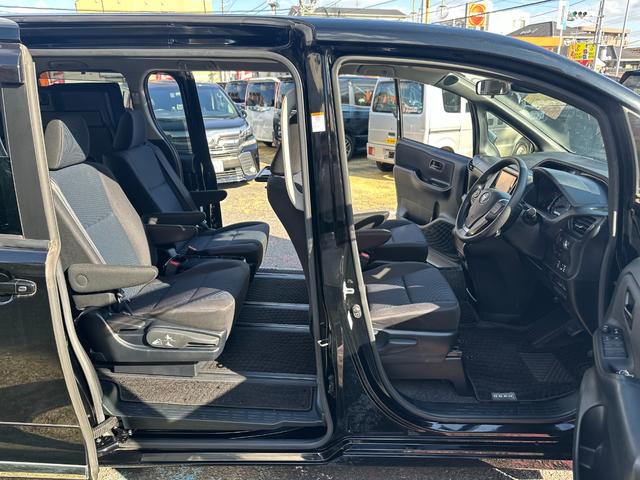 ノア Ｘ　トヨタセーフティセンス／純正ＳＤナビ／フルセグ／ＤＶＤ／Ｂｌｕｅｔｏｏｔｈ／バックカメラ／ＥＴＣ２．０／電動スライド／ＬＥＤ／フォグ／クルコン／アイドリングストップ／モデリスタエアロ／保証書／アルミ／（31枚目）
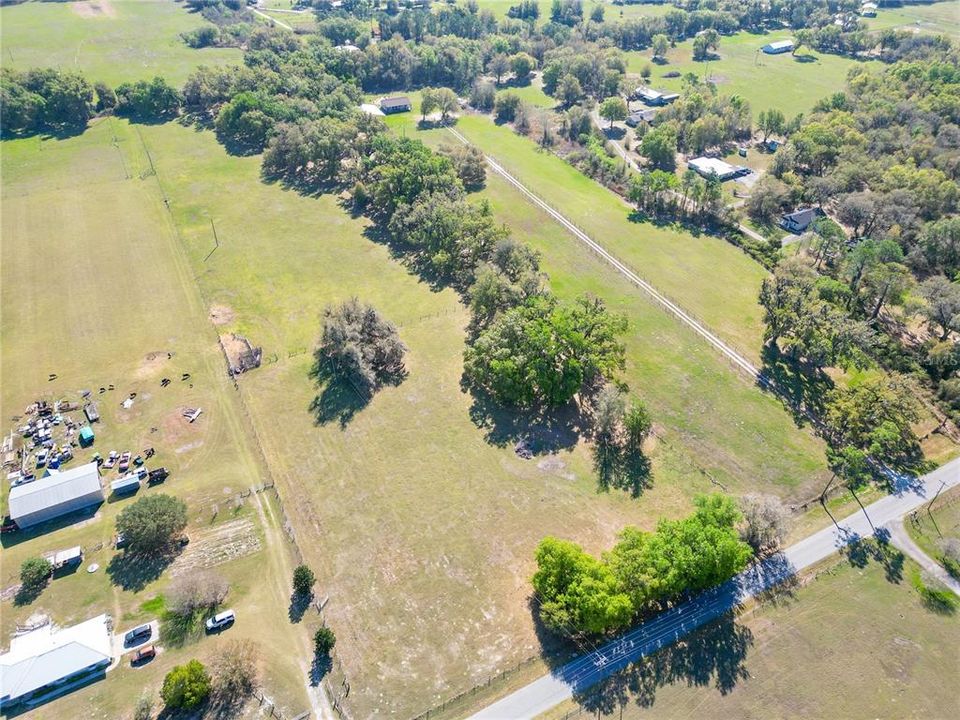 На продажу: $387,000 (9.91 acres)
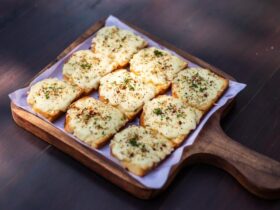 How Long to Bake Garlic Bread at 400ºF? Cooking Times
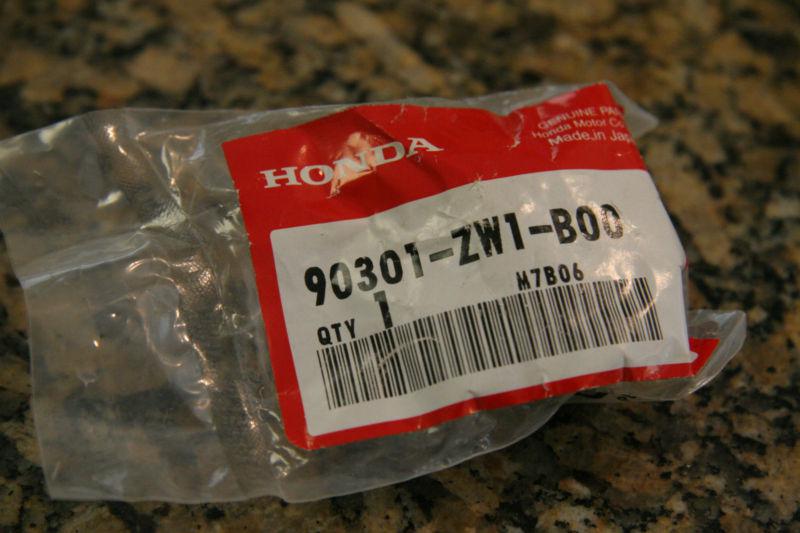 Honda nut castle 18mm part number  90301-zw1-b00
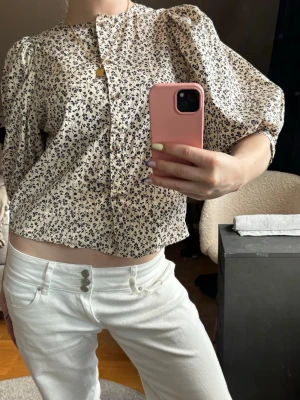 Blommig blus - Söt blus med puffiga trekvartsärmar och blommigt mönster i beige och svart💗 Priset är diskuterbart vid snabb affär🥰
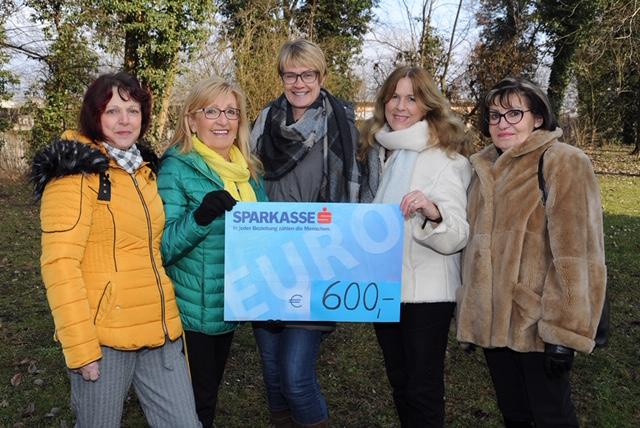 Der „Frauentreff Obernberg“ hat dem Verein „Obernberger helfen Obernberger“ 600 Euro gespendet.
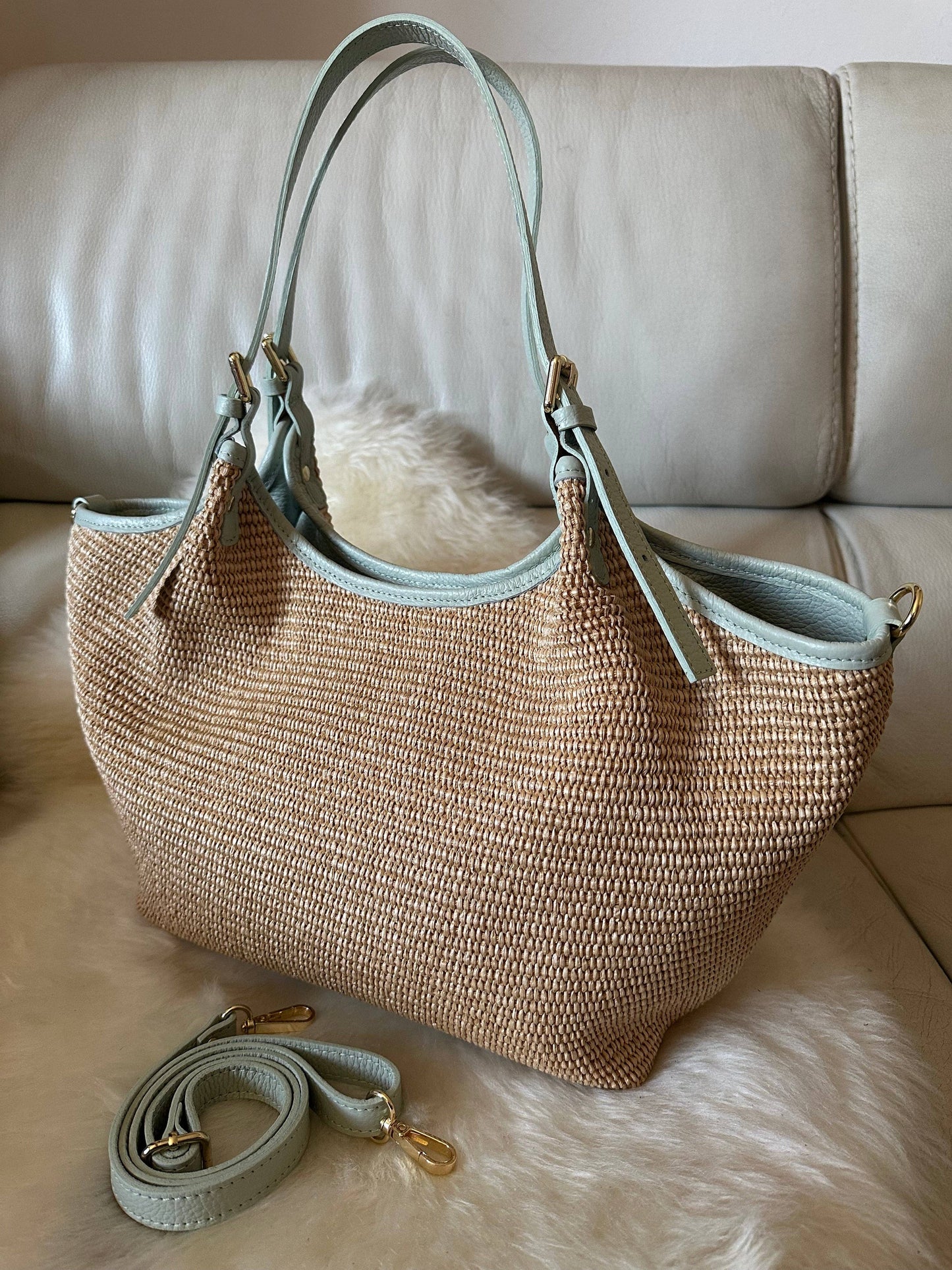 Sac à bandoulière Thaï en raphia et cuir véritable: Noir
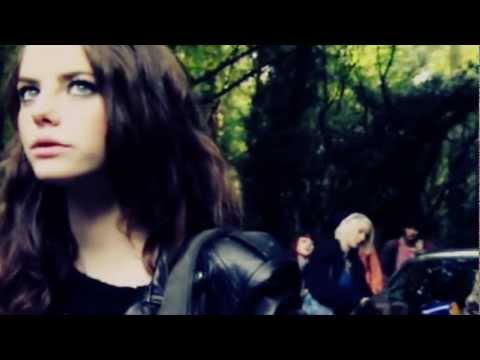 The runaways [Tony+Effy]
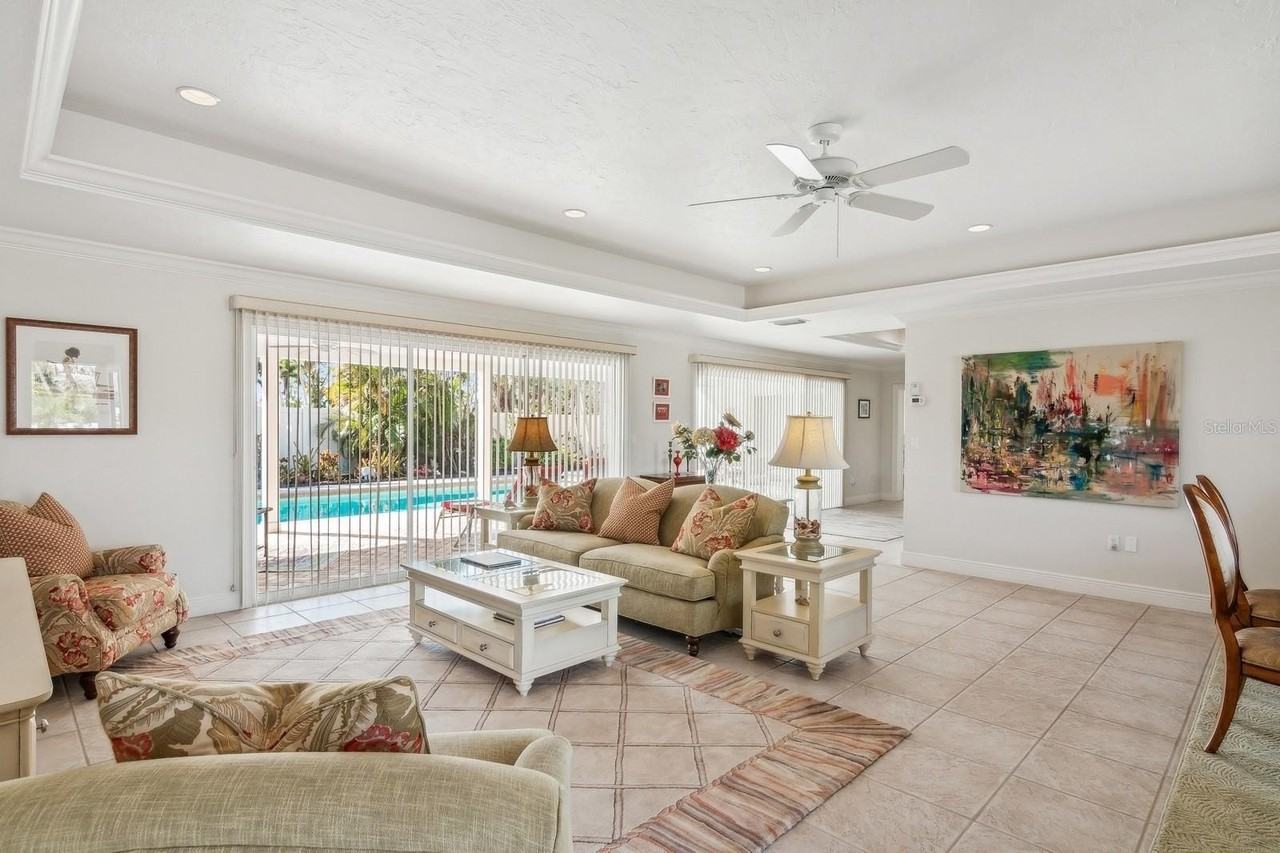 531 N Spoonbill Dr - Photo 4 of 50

» WHAT IS EXPECTED: All that belongs in the answer is the lines from the line with "The runaways [Tony+Effy]" through the closing line of the entries, inclusive, transcribed exactly and free of pictures.

» COMPLETED EXERCISE:
 The runaways [Tony+Effy]
 531 N Spoonbill Dr - Photo 4 of 50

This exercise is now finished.